In this notebook, Jeremy writes:
We’ll create dummy variables for
Pclass
, even although it’s numeric, since the numbers1
,2
, and3
correspond to first, second, and third class cabins - not to counts or measures that make sense to multiply by.
He also explains it in the video lesson.
When dealing with Embarked
, which is C, Q or S, Jeremy says that coding C,Q,S to 0,1,2 or 2,0,1 or 1,0,2 or any of the 6 possible combinations won’t make a difference, because there is no order between C, Q and S. And it doesn’t make sense to add or multiply those values. It’s just a way to convert it to numbers. I agree with that, it makes sense.
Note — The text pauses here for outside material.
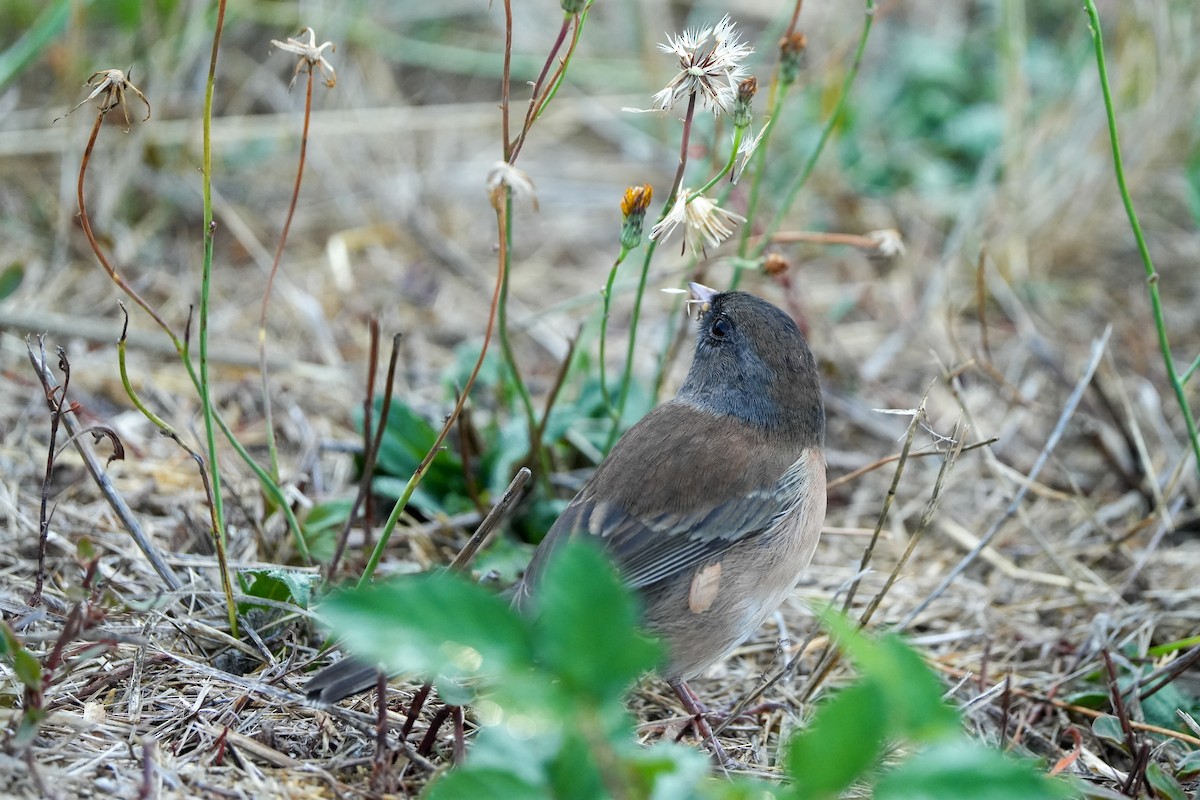 vinterjunko (oreganus gr.) - ML642436901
But when dealing with Pclass
, I don’t get it.
Passenger class is an ordered concept from 1 to 3, just like Parch (number of parents or children aboard) is an ordered concept from 0 to 6.
Why would it make sense to add/multiply things like Parch, but not Pclass? Someone having 2 parents/children onboard has more parents/children onboard than someone with Parch 1 and less parents/children onboard than someone with Parch 3. There is definitely an order, that is why Jeremy left it as numerical variable.
But in the same way, someone in class 2 has a higher class ticket than someone in class 1 and a lower class ticket than someone in class 3, that is definitely also an ordered concept, so why not using it as-is, as a number?
Can someone explain what I’m missing?